If you ask Frank Popielas, Dana Holding’s senior manager for global CAE, to list the types of simulations he performs, you’d better grab a cup of coffee and sit down. It’ll take him a while just to get through the primary ones: “structural simulation to look for stress spots, injection molding simulation for manufacturing process and part geometry optimization, gas flow and cooling flow analysis, steady state and transient conditions, thermal expansion and thermal distribution perspective ” and he goes on. This list covers just a fraction of the spectrum the Dana CAE team uses routinely to virtually develop and validate the functions and performance levels of the drivetrain, sealing and thermal management equipment designed and developed by the company.
An expanded view of the results from a crash test, part of MSC Software’s SimManager software.
Marc Hertlein, BMW’s project manager for simulation data and processes, has a similar list: “crash simulation, noise, vibration and harshness (NVH), driveline strength, pedestrian protection, head impact, exterior component, forming process, production process ” he begins.
Venkateswara Rao Pechetti works for Mando Softtech India, a Korean automotive component supplier. As executive engineering II of the company’s CAE team, he, too, boasts his own list. “CAE FE-modeling for strength, NVH, durability, fatigue ” he starts.
Those who’ve witnessed the evolution of product lifecycle management (PLM) might see history repeating in the burgeoning simulation lifecycle management (SLM) market. Like PLM, SLM began as an attempt to clean up the data warehouses. In SLM’s case, it’s to sort and archive the mounds of data generated from repeated simulation so engineers can, when necessary, retrieve, refer to and consult past exercises for guidance.
Like PLM, SLM quickly ballooned into process management. The multidisciplinary approach--involving multiple experts investigating the design’s fitness using multiple software packages from competing vendors--is adding complexity to the process.
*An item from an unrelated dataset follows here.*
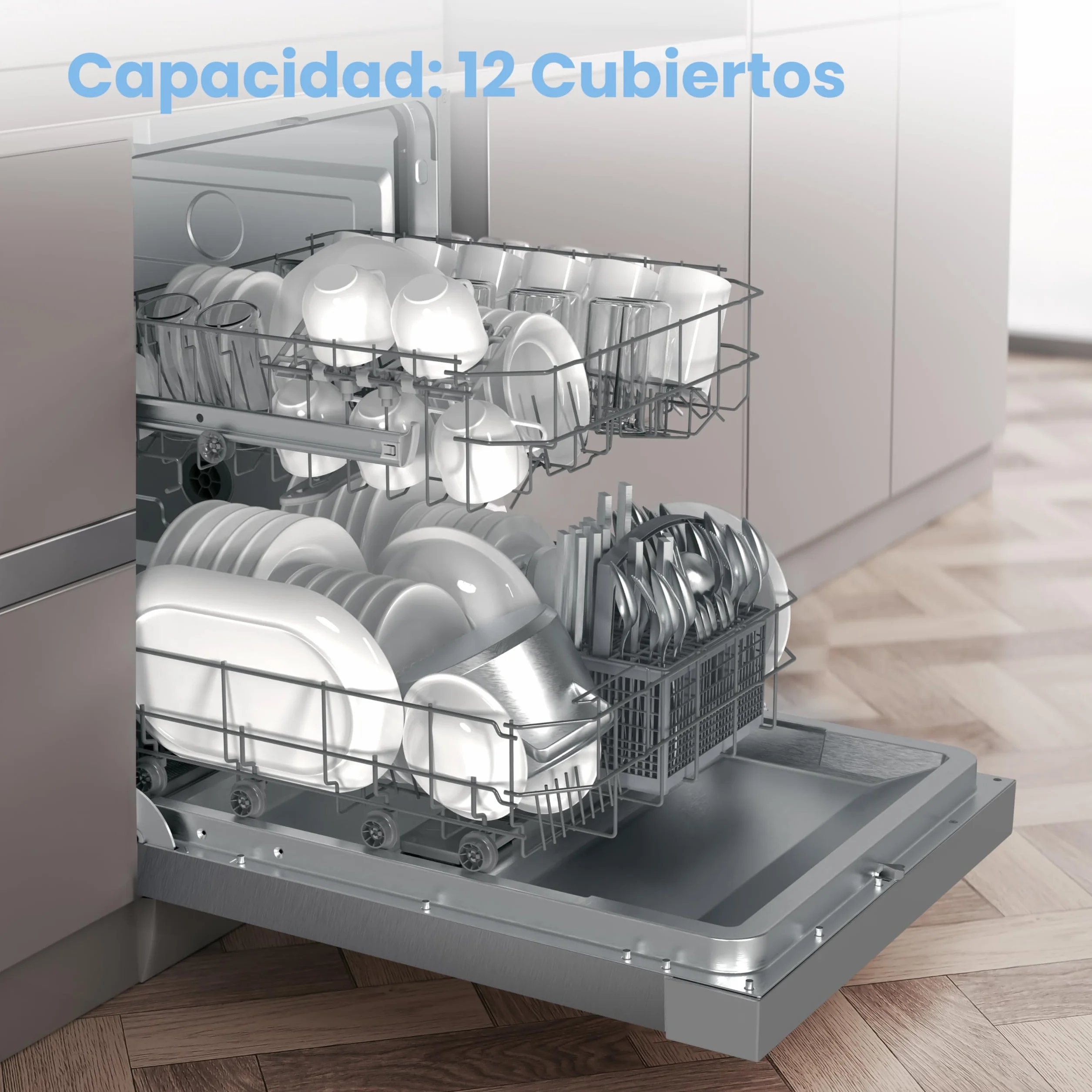 COMFEE' Lavavajillas Libre Instalación 60 cm 12 Cubiertos Acero Inoxidable 47 dB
The repetitive nature of simulation--subjecting the same design to slightly different load variables to find the best option--increases the volume of data to sort afterward.
If simulation’s big-data problem is exacerbated by insufficient process control, the solution is to turn the problem on its head. The experience of Dana’s Popielas, BMW’s Hertlein and Mando’s Pechetti show that, with proper simulation protocols in place, the data either shrinks to a manageable size, or becomes intelligible for subsequent reuse.
What Exactly Are You Managing?
Keith Meintjes, Ph.D., practice manager for simulation and analysis at the analyst firm CIMdata, isn’t wild about the term SLM because it sounds like a close relative to PLM. The two terms, in his view, are distinctly different.
“The problems for managing CAE data are very different than for managing CAD data,” he points out. “SLM usually requires different business processes than the organization has already established in PLM.”
For Meintjes, SLM is about doing the right simulation at the right time. “Process automation is important here in terms of simplifying the application of simulation, capturing IP and enabling uniform best practices (standard work),” he notes. “It’s everything from using the right mesh and turbulence model to gaining understanding and support at the highest levels of engineering management that simulation is a strategic capability.”
Trimming the Data
According to the estimate of BMW’s Hertlein, the automaker produces roughly six petabytes (that’s 6 million gigabytes) of simulation results yearly. His challenge, he says, is “to reduce it to one petabyte of relevant data.”
It’s also a race against time: Hertlein reveals that BMW is planning to double the amount of car projects for his group. So while he’s looking for ways to trim the data to a manageable size, the volume of data generated is expected to grow.
Dana’s Popielas points out that without proper simulation management, “you don’t know what you have anymore. You won’t know where the data came from. You’re getting lost.” Data output between 20GB and 25GB is normal for a single simulation job, he estimates.
“Do you really want to save everything? Most of the time, you don’t,” Popielas continues. “So you save the input stats--what you put into the simulation, how you went about it--and the end report.”
Mando’s Pechetti agrees. “It’s really hard to differentiate/manage/retrieve the data, especially when there are small changes,” he says.
The minor differences in the CAD models or the incremental changes to the loads and pressures in simulation runs are not easily detectable by the naked eye. But in Mando’s iterative workflow, multiple simulation runs with such minute changes are essential to find the best product configuration.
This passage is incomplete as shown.